Other equivalent classifications are:
 UIC classification: D′D
 French classification: 040+040
 Turkish classification: 44+44
 Swiss classification: 4/4+4/4

The lack of leading and trailing wheels to assist the tracking and stability of the locomotive means that the 0-8-8-0 type is not suited to high speeds. The vast majority were used as very heavy switcher locomotives (generally for hump yard work), transfer switchers for hauling cuts of cars between rail yards, or pusher engines for assistance on grades.
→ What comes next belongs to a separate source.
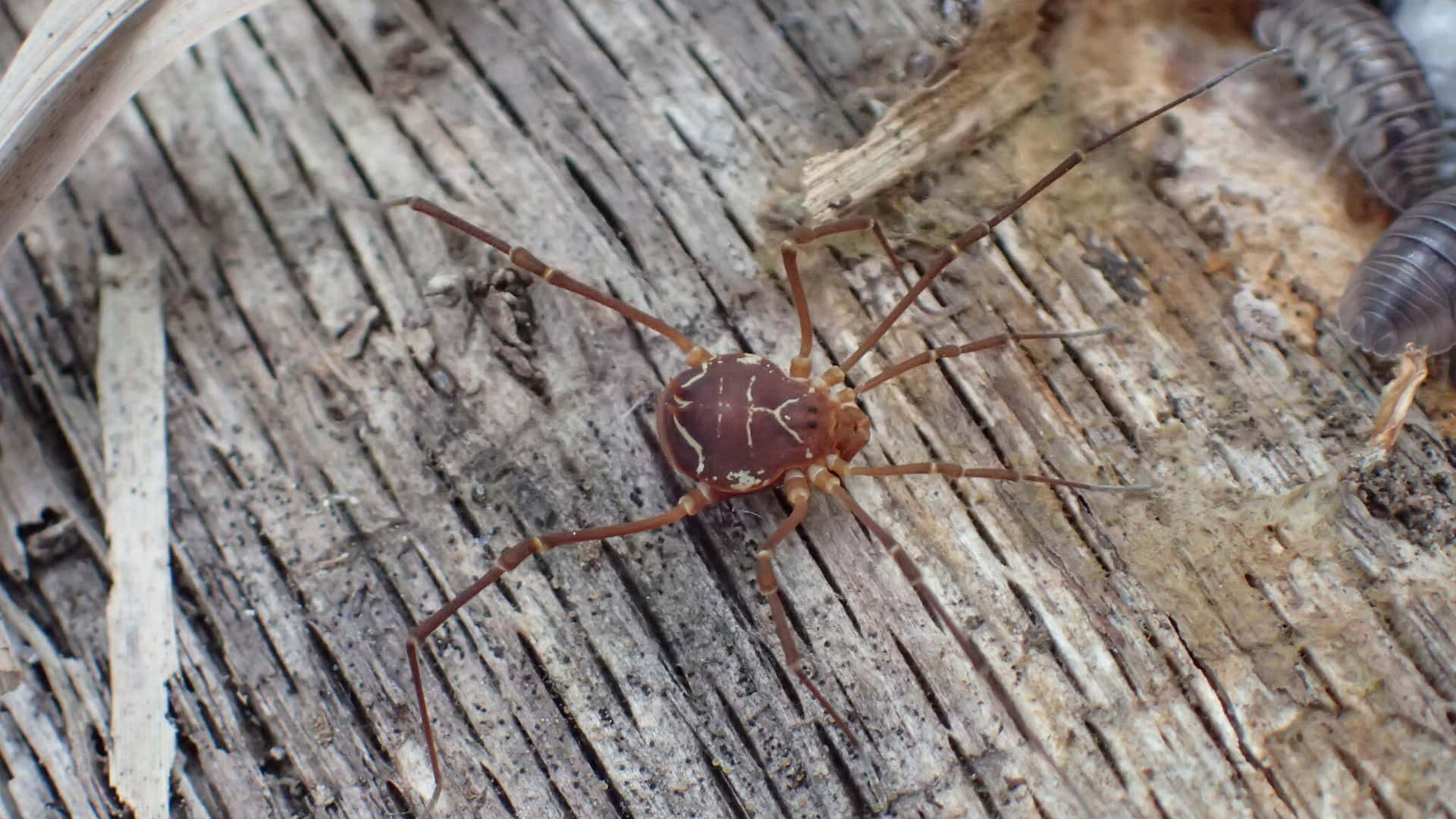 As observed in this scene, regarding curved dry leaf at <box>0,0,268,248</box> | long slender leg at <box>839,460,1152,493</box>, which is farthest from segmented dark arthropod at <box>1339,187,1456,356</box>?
curved dry leaf at <box>0,0,268,248</box>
Most locomotives of this arrangement were built and served in North America, but there were exceptions. The Bavarian State Railways (K.Bay.St.B) built a total of 25 0-8-8-0T tank locomotives of class Gt 2×4/4 between 1913 and 1923, classified after unification of Germany's railway systems as class 96. These worked trains over heavily graded stretches of line, mostly as bankers (US: helpers/pushers) and were the largest locomotives in Europe when introduced.

==Popular culture==
O gauge models of Erie class L-1 Camelback locomotives been made by both MTH Electric Trains and Sunset Models.

O gauge models of PRR Class CC2 0-8-8-0s were made by Lionel

HO scale brass importers of the L-1 Camelback locomotives include NJ Custom Brass and Overland Models.

The Bavarian locomotives have been modelled in HO gauge by Marklin/Trix and by Rivarossi.